² School of Ecology and Environment, Zhengzhou University, Zhengzhou 450001, China; Institute of Environmental Sciences, Zhengzhou University, Zhengzhou 450001, China.
³ College of Chemistry, Zhengzhou University, Zhengzhou 450001, China; Institute of Environmental Sciences, Zhengzhou University, Zhengzhou 450001, China. Electronic address: ZheDong92@outlook.com.

PMID: 38734089
DOI: 10.1016/j.scitotenv.2024.173089

Abstract

Against the backdrop of an uncertain evolution of carbonaceous aerosols in polluted areas over the long term amid air pollution control measures, this 11-year study (2011-2021) investigated fine particulate matter (PM_2.5) and carbonaceous components in polluted central China. Organic carbon (OC) and elemental carbon (EC) averaged 16.5 and 3.4 μg/m³, constituting 16 and 3 % of PM_2.5 mass. Carbonaceous aerosols dominated PM_2.5 (35 and 27 %) during periods of excellent and good air quality, while polluted days witnessed other components as dominants, with a significant decrease in primary organic aerosols and increased secondary pollution.

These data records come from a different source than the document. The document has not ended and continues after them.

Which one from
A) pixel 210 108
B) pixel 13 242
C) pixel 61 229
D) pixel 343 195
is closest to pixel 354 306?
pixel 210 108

From 2011 to 2021, OC and EC decreased by 53 and 76 %, displaying a high-value oscillation phase (2011-2015) and a low-value fluctuation phase (post-2016). A substantial reduction in high OC and EC concentrations in 2016 marked a milestone in significant air quality improvement attributed to effective control measures, especially targeting OC and EC, evident from their decreased proportion in PM_2.5. Primary OC (POC) in winter exhibited the most pronounced reduction (8 % per year), and the seasonal disparities in PM_2.5 and carbonaceous components were reduced, showcasing the effectiveness of control measures. Contrary to the more pronounced reduction of EC, which decreased in proportion to PM_2.5, secondary OC (SOC) in PM_2.5 exhibited an increasing trend. Along with rising OC/EC, SOC/OC, and SOC/EC ratios, this indicates a growing prominence of secondary pollution compared to the decrease in primary pollution. SOC shows an increasing trend with NO₂ rise (r = 0.53), without O₃ promoting SOC. Positive correlations of SOC with SO₂, CO (r = 0.41, 0.59), also highlight their influence on atmospheric conditions, oxidative capacity, and chemical reactions, indirectly impacting SOC formation. The implementation of precise precursor emission reduction measures holds the key to future efforts in mitigating SOC pollution and reducing PM_2.5 concentrations, thereby contributing to improved air quality.

Keywords: Air quality; Carbonaceous aerosols; Long-term variations; Pollution reduction; Secondary organic aerosols.